HTTP defines how to correctly phrase the request and how the response should look like

HTTP does not define how the network connection is made or managed, nor how the information is actually transmitted; it is done by the lower-level protocols such as TCP/IP

 

 

The Client Request

An HTTP request consists of the following:

  1. The method, which must be one of a set of legal action
  2. The Universal Resource Identifier (URI), which is the name of the information request
  3. The protocol version
  4. Optional supplemental information

(The method is to be executed on the object named by the URI. Actually the web uses a subset of URI names, the Universal Resource Locator (URL))

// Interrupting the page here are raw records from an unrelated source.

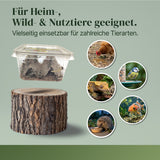 Wüstenheuschrecke (Schistocerca gregaria) als Futtertier für Reptilien, Amphibien, Vögel, Nagetiere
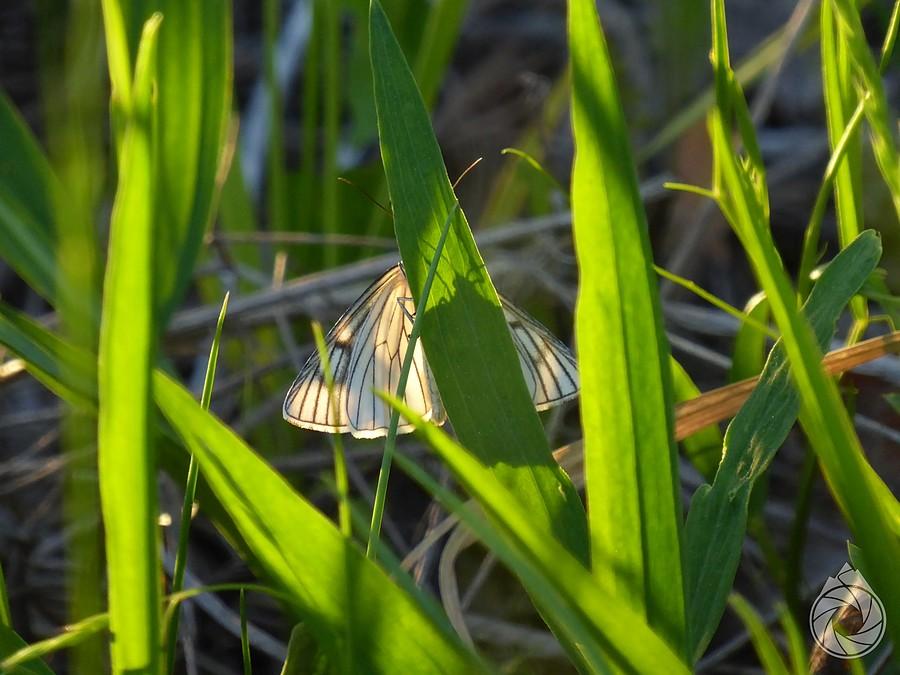 S.lineata nieśmiale pozuje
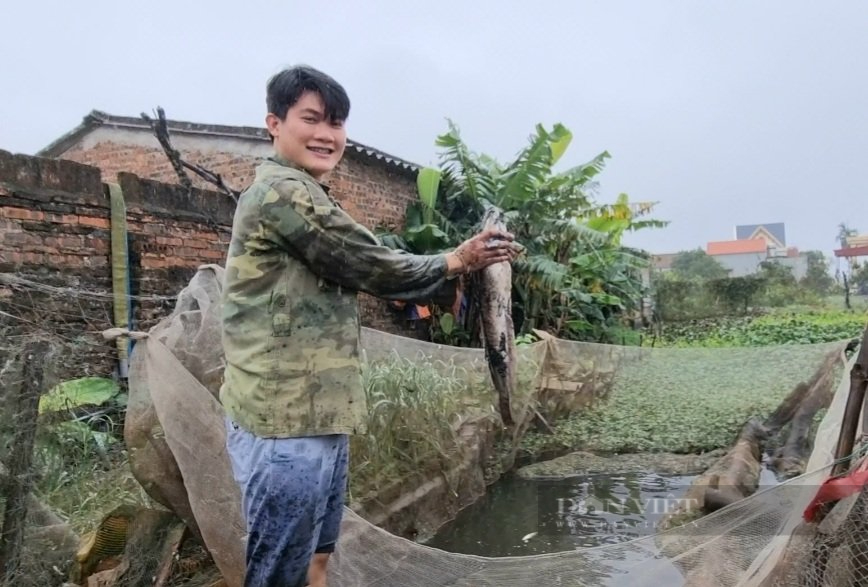 Thanh Hóa: Sau Tết người dân tất bật tát ao, dọn bùn để thả cá - Ảnh 2.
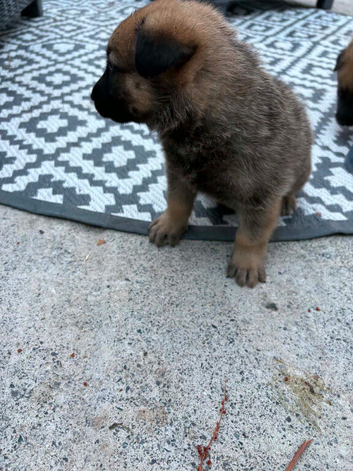 German Shepard x Belgium Mali pups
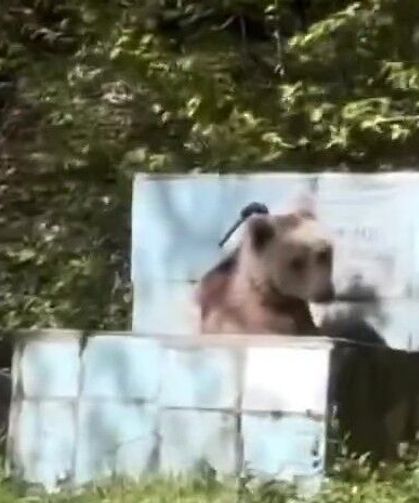 Kastamonu’da sıcaktan bunalan ayının su keyfi görüntülendi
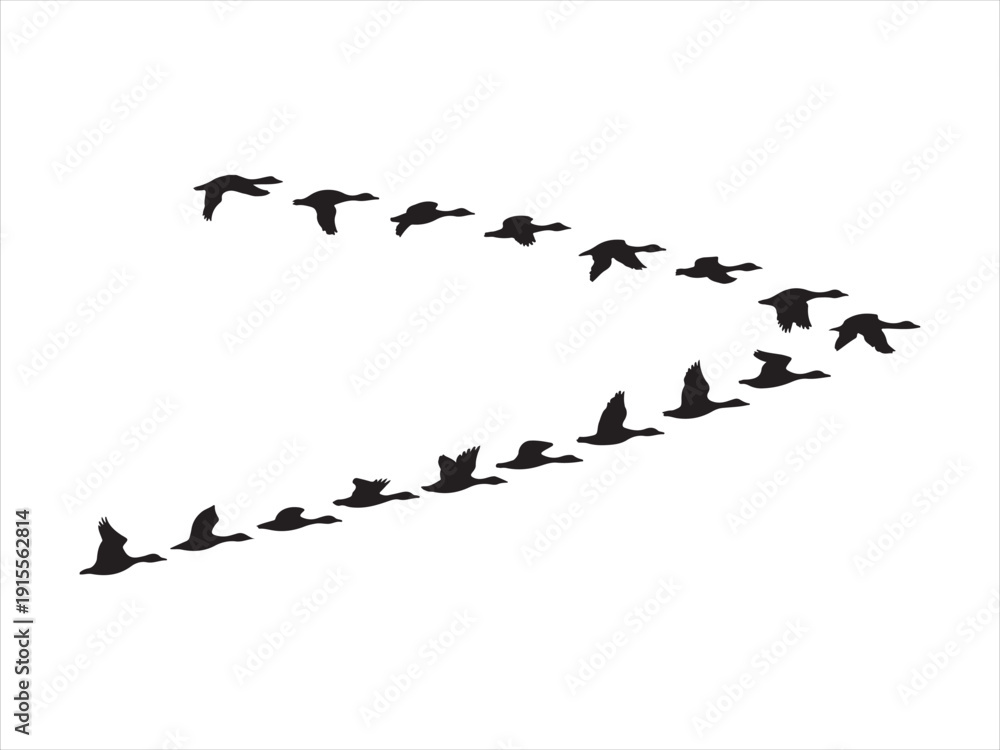 Obraz premium Silhouette of flock of flying duck vector. Flying Ducks, Geese Silhouette Vector, Flock of Birds in V Formation Illustration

This table shows a sample of valid HTTP methods:

Method Action
GET Return the object; that is, retrieve the information
HEAD Return only information about the object, such as how old it is, but not hte object itself
POST Send information to be stored on the server. Many servers do not allow information to be POSTed except as input to scripts
PUT Send a new copy of an existing object to the server. Many servers do not allow documents to be PUT.
DELETE Permanently delete the object. Like PUT, this method is not allowed by most servers
... etc ... ... etc ...

 

For example, to request the document /sinn/index.htm from www.openloop.com, the web client will send the following request:

GET /sinn/index.htm HTTP/1.0
User-Agent: NCSA Mosaic for Windows 95/3.0
Accept: text/plain
Accept: text/html
Accept: application/postscript
Accept: image/gif

Header Field Description
User-Agent What kind of browser is making the request
If-Modified-Since Asks that the object be returned only if it is newer than the specified data. This saves the cost of retrieving a document that has already been acquired and has not changed
Accept The Mulitpurpose Internet Mail Extensions (MIME) types and formats of information that the browser is prepared to accept. This may save the cost of transferring documents that the client cannot or will not use. The client will then decode the data according to the rules of MIME. Please note that

Accept: */*

could be used

Authorization User password or other authentication as required

 

 

The Server Response

An HTTP response consist of the following:

  1. A status line, which indicates the success or failure of the request
  2. A description of the information in the response. This is the metadata or metainformation
  3. The actual information requested

(The server replies to the request with a description of what is being returned, followed by the information requested)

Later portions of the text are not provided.